- [Data shown]:
==*==
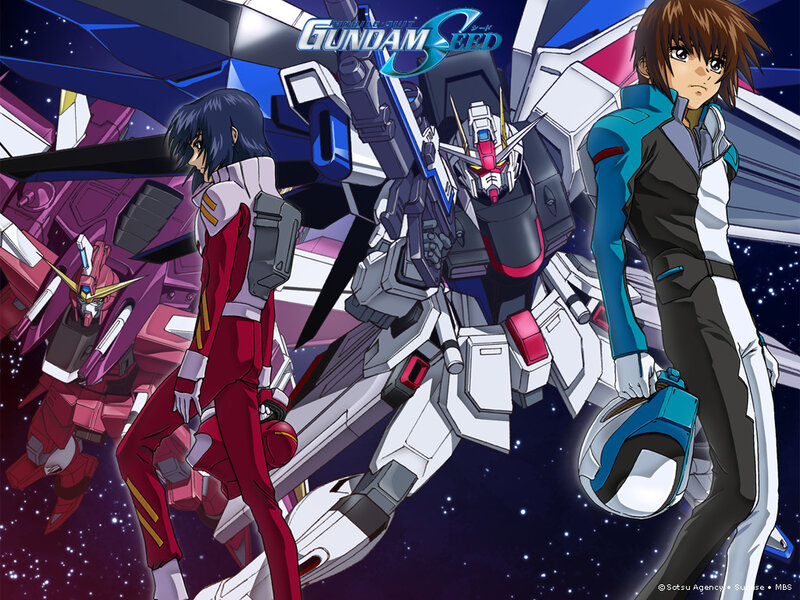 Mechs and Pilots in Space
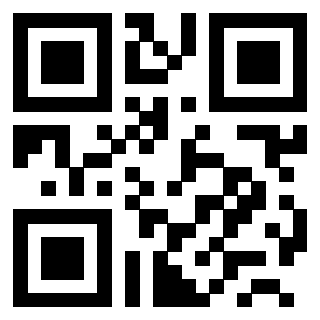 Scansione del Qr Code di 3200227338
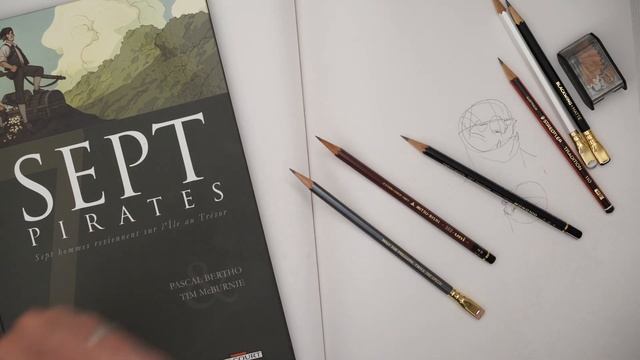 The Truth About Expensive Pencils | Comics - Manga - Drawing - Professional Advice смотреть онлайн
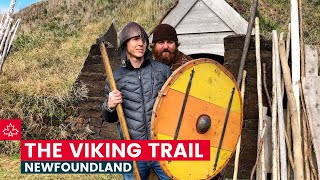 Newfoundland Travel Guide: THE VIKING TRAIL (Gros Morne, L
==*==
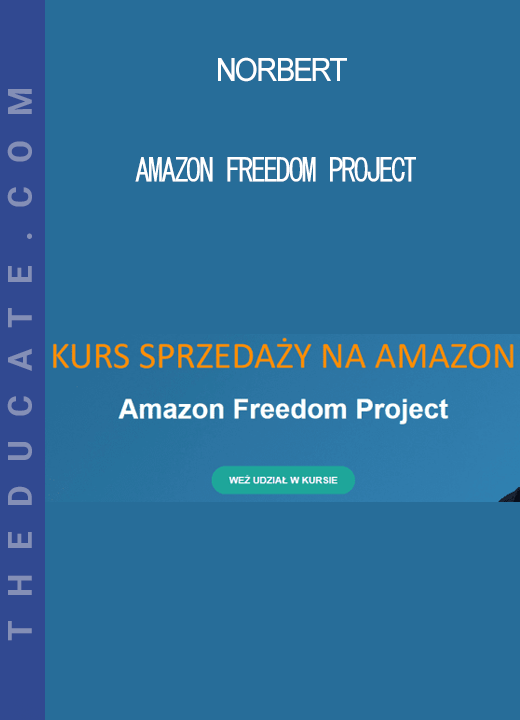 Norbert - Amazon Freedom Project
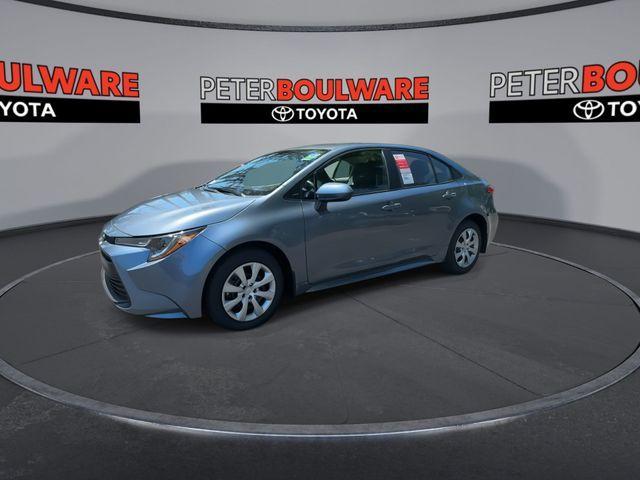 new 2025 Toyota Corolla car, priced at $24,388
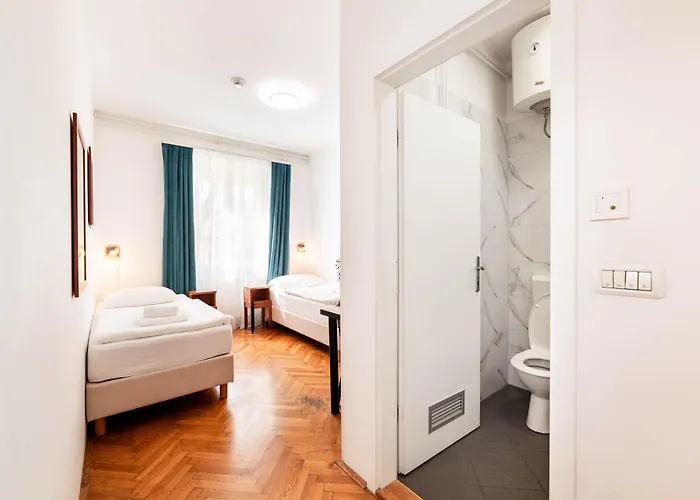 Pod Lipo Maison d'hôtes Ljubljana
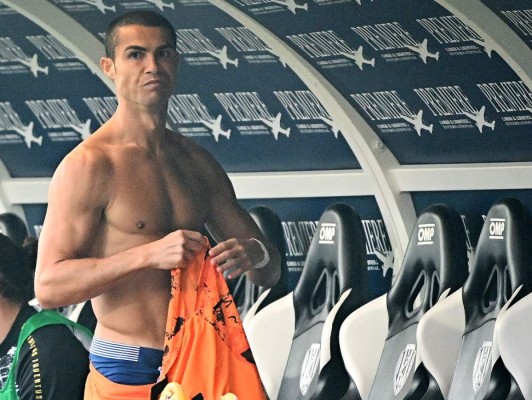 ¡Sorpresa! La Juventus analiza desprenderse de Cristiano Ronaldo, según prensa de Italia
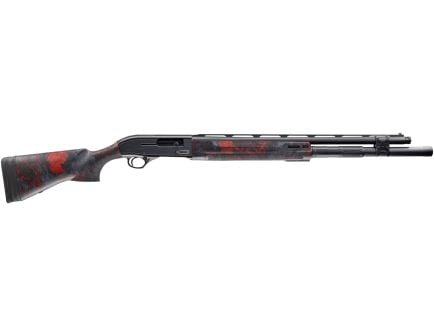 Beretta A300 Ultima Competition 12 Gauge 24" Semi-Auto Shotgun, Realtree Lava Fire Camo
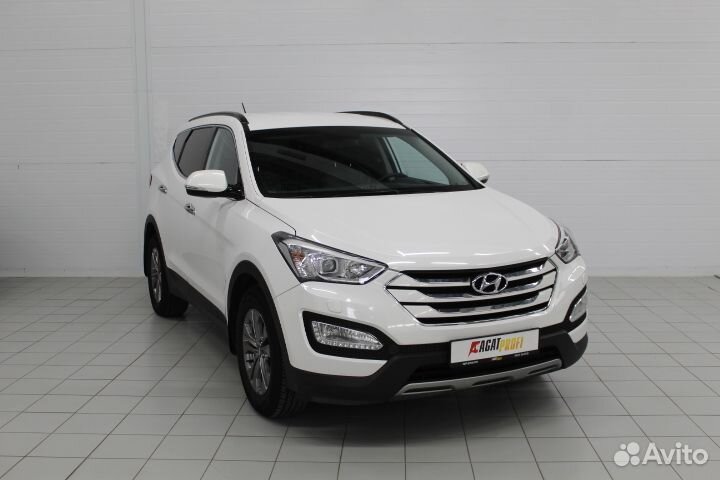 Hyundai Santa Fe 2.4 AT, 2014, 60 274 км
==*==
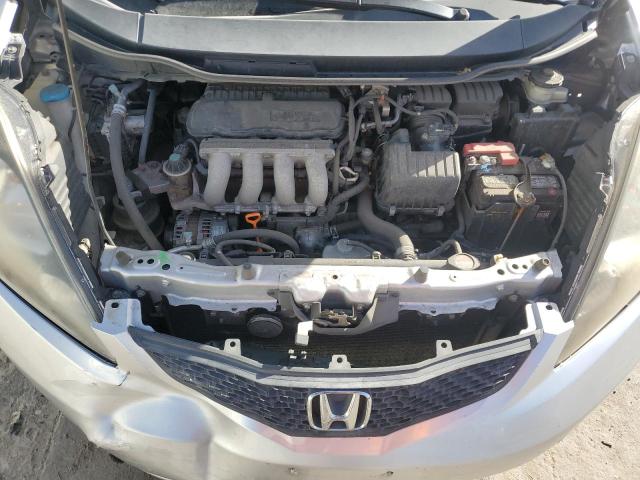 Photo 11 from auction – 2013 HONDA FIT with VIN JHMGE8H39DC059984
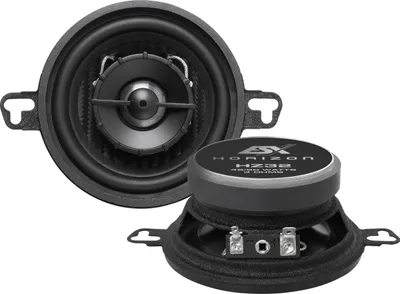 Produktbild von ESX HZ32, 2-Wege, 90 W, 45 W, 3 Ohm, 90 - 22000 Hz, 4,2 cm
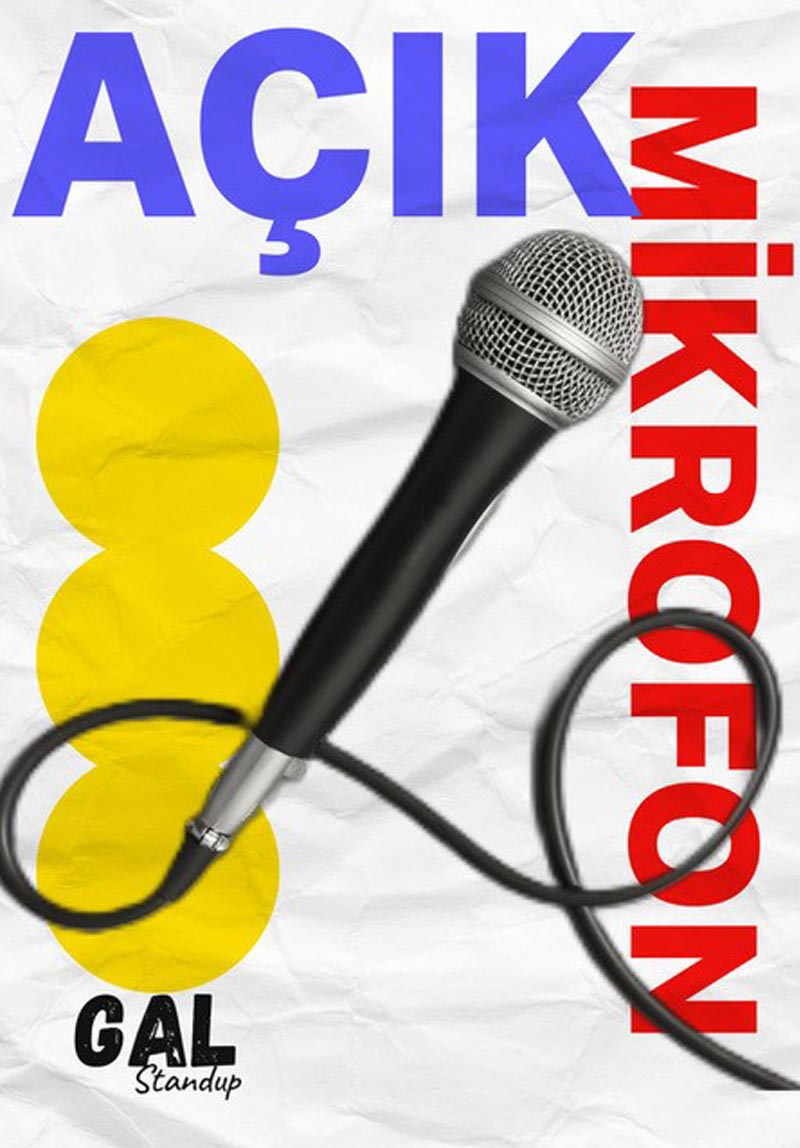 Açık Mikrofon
==*==
- [Task to carry out]:
Using the records above, repeat exactly the run of lines that starts with the line with "Pod Lipo Maison d'hôtes Ljubljana" and goes on through the line with "Hyundai Santa Fe 2.4 AT, 2014, 60 274 км"; omit each picture.

- [Task result]:
 Pod Lipo Maison d'hôtes Ljubljana
 ¡Sorpresa! La Juventus analiza desprenderse de Cristiano Ronaldo, según prensa de Italia
 Beretta A300 Ultima Competition 12 Gauge 24" Semi-Auto Shotgun, Realtree Lava Fire Camo
 Hyundai Santa Fe 2.4 AT, 2014, 60 274 км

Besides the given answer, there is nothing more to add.